Lines below containing the word "Schwarz" should be copied out.

BEGIN Data shown

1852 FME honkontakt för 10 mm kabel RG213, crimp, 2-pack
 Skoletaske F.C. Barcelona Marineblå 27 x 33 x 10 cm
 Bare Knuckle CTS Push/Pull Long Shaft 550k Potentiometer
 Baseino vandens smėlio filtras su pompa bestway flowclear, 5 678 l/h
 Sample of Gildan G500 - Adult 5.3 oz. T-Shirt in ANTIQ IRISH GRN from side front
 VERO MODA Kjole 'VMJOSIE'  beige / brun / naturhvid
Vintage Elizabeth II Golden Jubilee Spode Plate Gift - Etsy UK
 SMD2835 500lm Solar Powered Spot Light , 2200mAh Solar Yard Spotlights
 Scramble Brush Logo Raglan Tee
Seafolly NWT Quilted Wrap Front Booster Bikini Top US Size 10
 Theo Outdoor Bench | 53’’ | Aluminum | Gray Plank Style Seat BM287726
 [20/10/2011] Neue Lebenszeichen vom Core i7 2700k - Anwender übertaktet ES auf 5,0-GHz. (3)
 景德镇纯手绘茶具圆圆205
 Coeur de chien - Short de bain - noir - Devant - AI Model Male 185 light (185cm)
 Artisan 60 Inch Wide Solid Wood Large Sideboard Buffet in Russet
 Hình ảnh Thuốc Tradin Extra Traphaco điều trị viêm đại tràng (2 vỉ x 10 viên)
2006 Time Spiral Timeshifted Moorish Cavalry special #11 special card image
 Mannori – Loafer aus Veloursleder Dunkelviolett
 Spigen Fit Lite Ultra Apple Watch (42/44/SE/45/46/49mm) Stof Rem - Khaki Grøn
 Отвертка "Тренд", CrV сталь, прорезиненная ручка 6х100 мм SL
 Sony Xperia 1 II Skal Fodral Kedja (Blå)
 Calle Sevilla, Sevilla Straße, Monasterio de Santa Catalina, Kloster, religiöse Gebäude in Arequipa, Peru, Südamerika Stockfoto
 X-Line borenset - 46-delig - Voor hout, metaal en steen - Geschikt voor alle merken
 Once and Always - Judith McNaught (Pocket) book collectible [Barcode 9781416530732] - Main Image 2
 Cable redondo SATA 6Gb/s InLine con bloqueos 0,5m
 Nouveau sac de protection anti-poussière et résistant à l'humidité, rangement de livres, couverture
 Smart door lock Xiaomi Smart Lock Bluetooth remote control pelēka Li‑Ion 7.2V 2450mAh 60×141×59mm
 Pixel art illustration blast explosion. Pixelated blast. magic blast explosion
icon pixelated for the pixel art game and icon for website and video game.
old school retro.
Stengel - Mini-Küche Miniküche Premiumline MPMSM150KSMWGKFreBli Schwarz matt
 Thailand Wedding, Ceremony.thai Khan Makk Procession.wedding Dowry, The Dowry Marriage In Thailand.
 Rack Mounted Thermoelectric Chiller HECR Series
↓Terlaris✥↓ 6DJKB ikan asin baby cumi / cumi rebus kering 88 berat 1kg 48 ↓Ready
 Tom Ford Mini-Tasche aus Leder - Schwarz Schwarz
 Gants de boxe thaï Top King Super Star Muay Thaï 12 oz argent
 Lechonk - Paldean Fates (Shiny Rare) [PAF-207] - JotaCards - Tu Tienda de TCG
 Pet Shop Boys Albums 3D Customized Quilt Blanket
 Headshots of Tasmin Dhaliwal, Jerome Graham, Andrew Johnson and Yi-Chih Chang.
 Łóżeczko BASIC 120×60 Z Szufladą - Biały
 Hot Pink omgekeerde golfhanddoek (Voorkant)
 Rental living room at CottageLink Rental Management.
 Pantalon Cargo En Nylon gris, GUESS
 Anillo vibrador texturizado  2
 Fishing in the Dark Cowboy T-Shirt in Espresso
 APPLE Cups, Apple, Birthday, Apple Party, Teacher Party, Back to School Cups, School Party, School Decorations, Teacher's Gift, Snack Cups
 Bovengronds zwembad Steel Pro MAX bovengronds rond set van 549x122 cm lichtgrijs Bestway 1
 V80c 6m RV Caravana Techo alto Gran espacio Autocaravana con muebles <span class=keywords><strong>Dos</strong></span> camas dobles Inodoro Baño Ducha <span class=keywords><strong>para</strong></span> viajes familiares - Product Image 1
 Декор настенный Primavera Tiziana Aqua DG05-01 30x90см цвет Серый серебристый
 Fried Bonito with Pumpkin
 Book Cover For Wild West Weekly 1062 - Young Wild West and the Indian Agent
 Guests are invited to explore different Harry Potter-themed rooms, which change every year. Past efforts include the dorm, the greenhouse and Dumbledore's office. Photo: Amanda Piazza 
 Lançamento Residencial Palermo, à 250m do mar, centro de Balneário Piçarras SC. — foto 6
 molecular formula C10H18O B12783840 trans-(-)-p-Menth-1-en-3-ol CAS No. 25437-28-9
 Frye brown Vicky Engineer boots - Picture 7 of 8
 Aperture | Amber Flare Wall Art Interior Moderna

END Data shown

Your solution —
Stengel - Mini-Küche Miniküche Premiumline MPMSM150KSMWGKFreBli Schwarz matt
 Tom Ford Mini-Tasche aus Leder - Schwarz Schwarz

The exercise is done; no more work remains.